A system is characterized by a set of safety and liveness properties. A safety property states that nothing bad ever happens, while a liveness property states that something good eventually happens.
In this post, we will focus on two safety properties:
- Consistent
We consider the system consistent if every account in Postgres has an account in TigerBeetle, and vice versa.
Consistent =
∧ ∀ a₁ ∈ PG: ∃ a₂ ∈ TB: id(a₁) = id(a₂)
∧ ∀ a₁ ∈ TB: ∃ a₂ ∈ PG: id(a₁) = id(a₂)
- Traceable
We consider the system traceable if every account in TigerBeetle with a positive balance corresponds to an account in Postgres.
Traceable = ∀ a₁ ∈ TB: balance(a₁) > 0 => ∃ a₂ ∈ PG: id(a₁) = id(a₂)
In the absence of transactions, the system may be temporarily inconsistent. However, the system must always remain traceable to avoid the possibility of losing—or, more precisely, orphaning—money.
In the absence of transactions, we need to make an explicit architectural decision that transactions used to make implicitly: Which system determines the existence of an account? In other words: Which system is the source of truth?
We must designate a:
System of Record. The champion. If the account exists here, the account exists on a system level.
System of Reference. The supporter. If the account exists here but not in the system of record, the account does not exist on a system level.

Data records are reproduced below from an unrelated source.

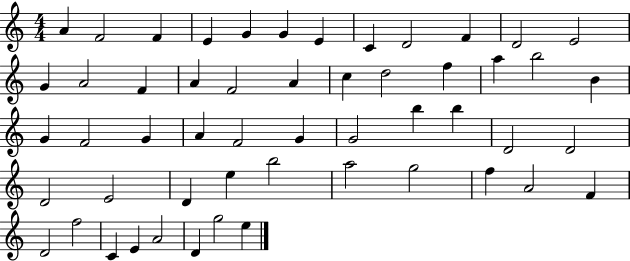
X:1
T:Untitled
M:4/4
L:1/4
K:C
A F2 F E G G E C D2 F D2 E2 G A2 F A F2 A c d2 f a b2 B G F2 G A F2 G G2 b b D2 D2 D2 E2 D e b2 a2 g2 f A2 F D2 f2 C E A2 D g2 e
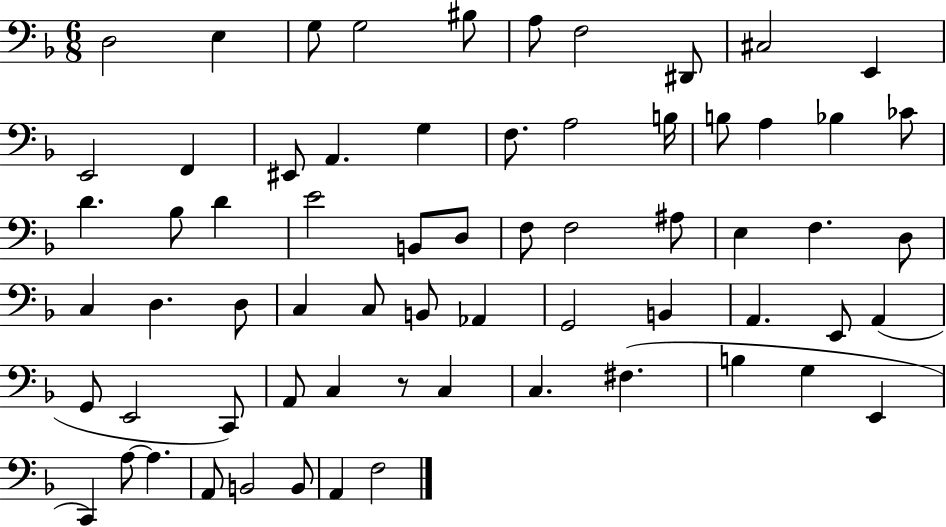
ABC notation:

X:1
T:Untitled
M:6/8
L:1/4
K:F
D,2 E, G,/2 G,2 ^B,/2 A,/2 F,2 ^D,,/2 ^C,2 E,, E,,2 F,, ^E,,/2 A,, G, F,/2 A,2 B,/4 B,/2 A, _B, _C/2 D _B,/2 D E2 B,,/2 D,/2 F,/2 F,2 ^A,/2 E, F, D,/2 C, D, D,/2 C, C,/2 B,,/2 _A,, G,,2 B,, A,, E,,/2 A,, G,,/2 E,,2 C,,/2 A,,/2 C, z/2 C, C, ^F, B, G, E,, C,, A,/2 A, A,,/2 B,,2 B,,/2 A,, F,2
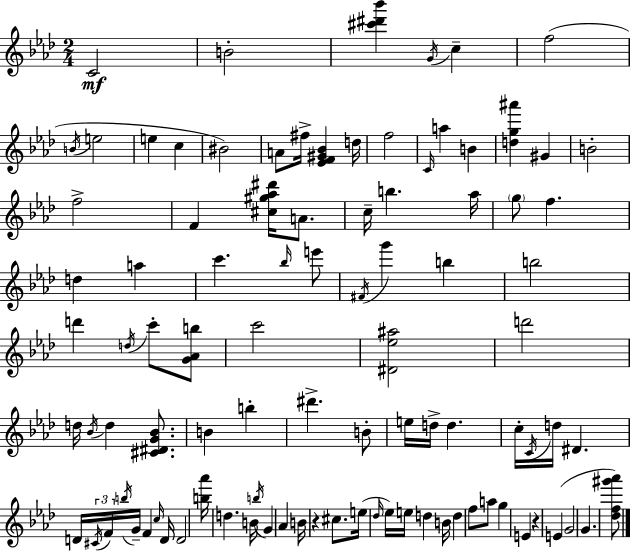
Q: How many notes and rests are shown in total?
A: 96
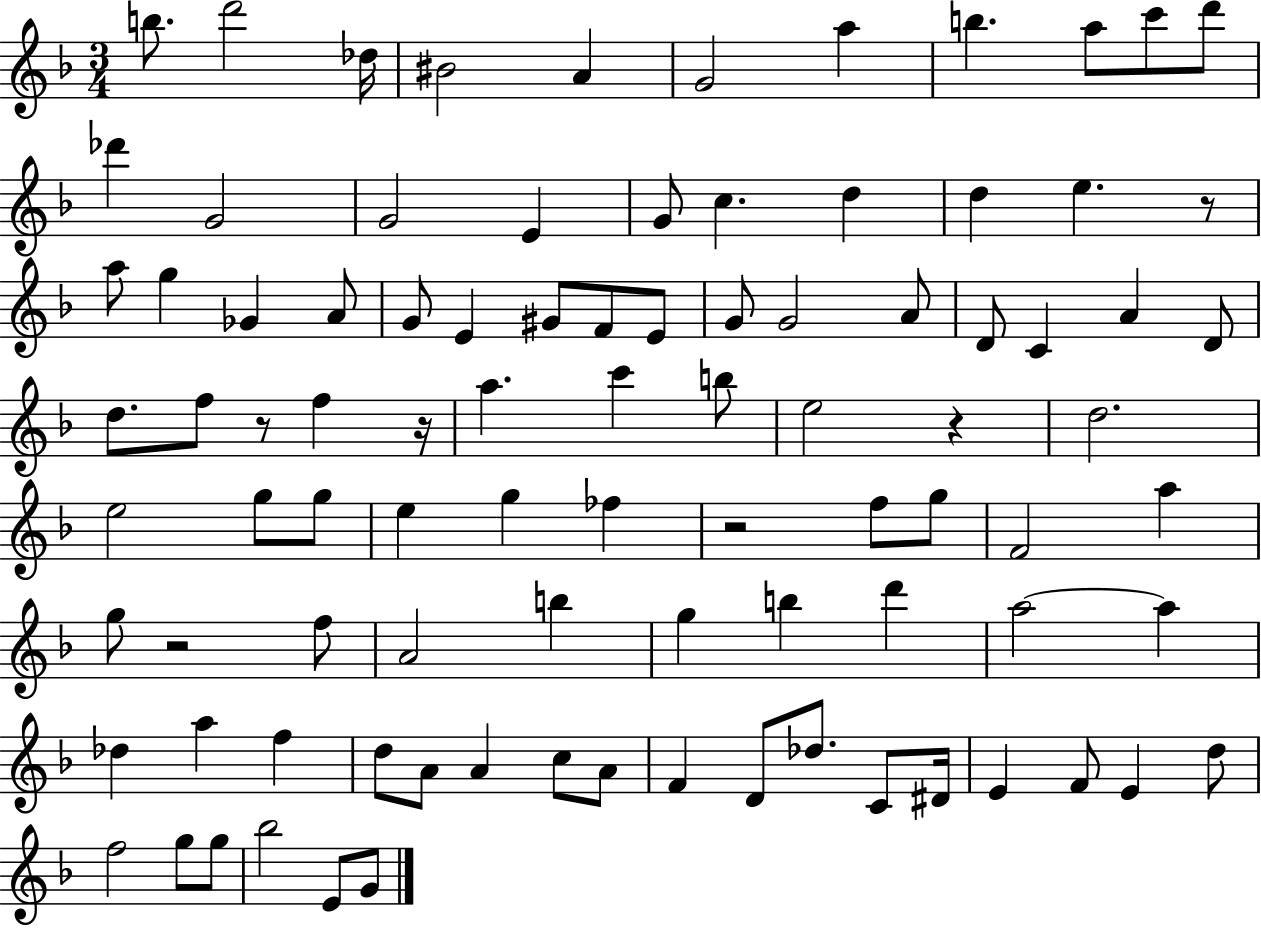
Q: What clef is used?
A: treble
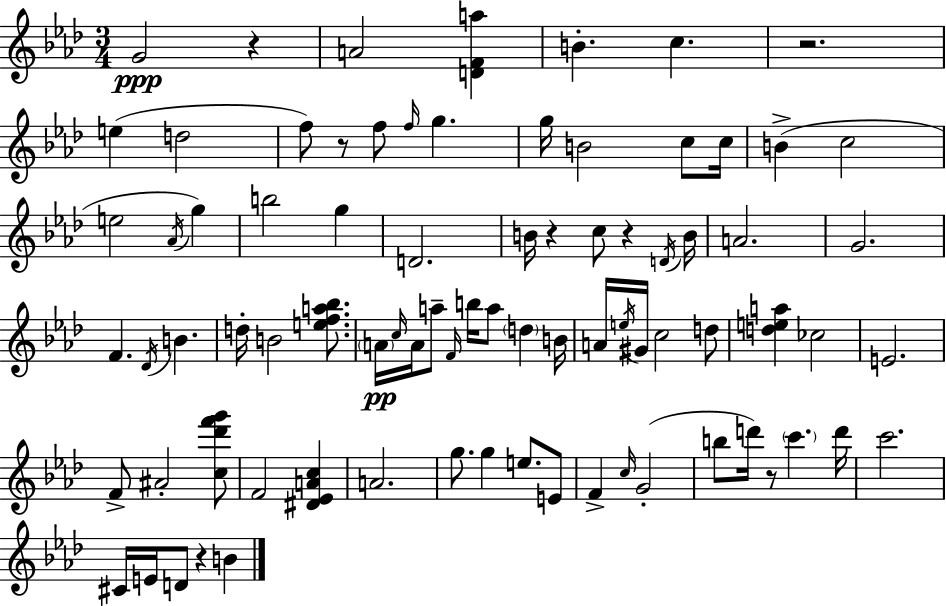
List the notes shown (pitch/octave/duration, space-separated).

G4/h R/q A4/h [D4,F4,A5]/q B4/q. C5/q. R/h. E5/q D5/h F5/e R/e F5/e F5/s G5/q. G5/s B4/h C5/e C5/s B4/q C5/h E5/h Ab4/s G5/q B5/h G5/q D4/h. B4/s R/q C5/e R/q D4/s B4/s A4/h. G4/h. F4/q. Db4/s B4/q. D5/s B4/h [E5,F5,A5,Bb5]/e. A4/s C5/s A4/s A5/e F4/s B5/s A5/e D5/q B4/s A4/s E5/s G#4/s C5/h D5/e [D5,E5,A5]/q CES5/h E4/h. F4/e A#4/h [C5,Db6,F6,G6]/e F4/h [D#4,Eb4,A4,C5]/q A4/h. G5/e. G5/q E5/e. E4/e F4/q C5/s G4/h B5/e D6/s R/e C6/q. D6/s C6/h. C#4/s E4/s D4/e R/q B4/q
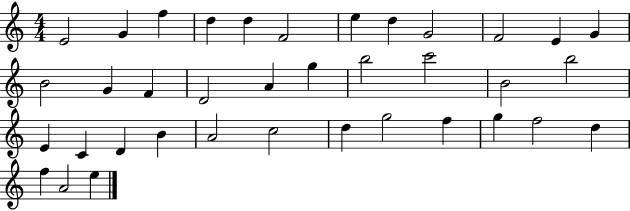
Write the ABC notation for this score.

X:1
T:Untitled
M:4/4
L:1/4
K:C
E2 G f d d F2 e d G2 F2 E G B2 G F D2 A g b2 c'2 B2 b2 E C D B A2 c2 d g2 f g f2 d f A2 e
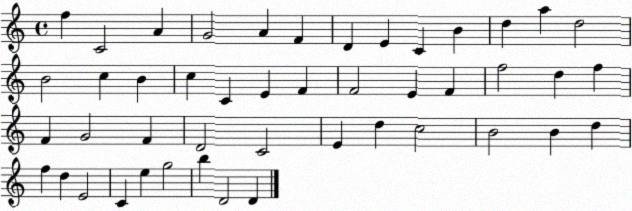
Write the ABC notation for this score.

X:1
T:Untitled
M:4/4
L:1/4
K:C
f C2 A G2 A F D E C B d a d2 B2 c B c C E F F2 E F f2 d f F G2 F D2 C2 E d c2 B2 B d f d E2 C e g2 b D2 D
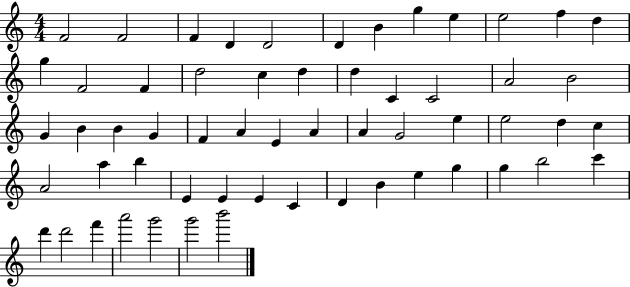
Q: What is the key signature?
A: C major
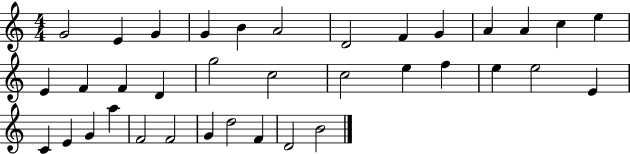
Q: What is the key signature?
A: C major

So which system is the system of record and which is the system of reference? That is an architectural decision that depends on your requirements and the properties of the subsystems. In this case, TigerBeetle is the system of record:
If the account is present in Postgres, the account is not able to process transfers, so the account in Postgres merely represents a staged record.
If the account is present in TigerBeetle, the account is able to process transfers, so the account in TigerBeetle represents a committed record.
In other words, as soon as the account is created in TigerBeetle, the account exists system wide.
Once the system of record is chosen, correctness depends on performing operations in the right order.
Since the system of reference doesn’t determine existence, we can safely write to it first without committing anything. Only when we write to the system of record does the account spring into existence.
Conversely, when reading to check existence, we must consult the system of record, because reading from the system of reference tells us nothing about whether the account actually exists.
This principle—Write Last, Read First—ensures that we maintain application level consistency.
Remarkably, if the system of record provides strict serializability, like TigerBeetle, and if ordering is correctly applied, then the system as a whole preserves strict serializability, leading to a delightful developer experience.
Choosing the correct system of record and the correct order of operations is not just a philosophical exercise. If we designate the wrong system as the source of truth and perform operations in the wrong order, we may quickly violate safety properties.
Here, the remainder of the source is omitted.